Many of us are fascinated by the presidential electron this year. Some may also wonder what is meant by the "margin of error" in the poll numbers that are discussed on a daily basis.
The statistics of polling is described by the binomial distribution. This distribution was developed to describe data that are yes/no, heads/tails, true/false, candidate A/candidate B, etc. The either/or nature of the data is what is called a Bernoulli trial.
As an example, let’s assume you flip a fair coin 1,000 times. The most likely number of heads would be 500, but you wouldn’t be surprised if you got 492 or 507 heads. You would certainly be surprised if you got only 200 heads. The figure below shows the binomial distribution for this situation.
Figure: About 95% of the time, flipping a fair coin 1000 times will result in between 468 and 532 heads.
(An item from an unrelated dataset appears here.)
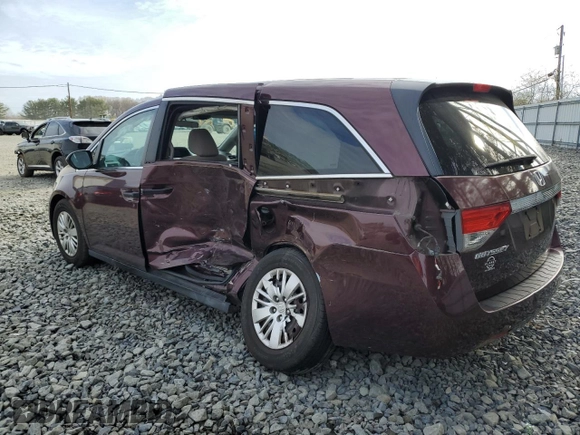 2014 Honda Odyssey LX with VIN 5FNRL5H29EB133074, listed as a Copart auction lot 52322725 with 44,804 mi miles and Salvage Title. Bid and sale history available at DreamBid. Image 2.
Note the area below 468 or above 532 is red, those areas are statistically significant in that there is only a 5% chance that you would get either below 468 or above 532 heads. There is a little rounding error so the actual number is 4.63 %, a little less than 5%.
So, about 95% of the time you flip the coin 1,000 times, the number of heads will be between 468 and 532. The world has settle on this “95%” as the criteria for statistical significance. So the number of heads will vary about +/- 3.2% (32 above or below 500, divided by 1,000) 95% of the time you perform the 1,000 flips. This +/- 3.2% is the “margin of error,” also denoted the MOE.
Now let’s relate this to polling in the presidential election. The pollsters make every effort to poll a sample of people that represents the nation. This is no trivial task. But, assuming that they do get a fair sample, even in a 50/50 race, just like flipping a coin, they will not necessarily get a 50/50 sample. Their results will be just like the coin toss, 95% of the time they will get from 468 to 532, even in a 50/50 race.
Most polling shows a MOE of about 3%, so we know that the sample size is about 1,000.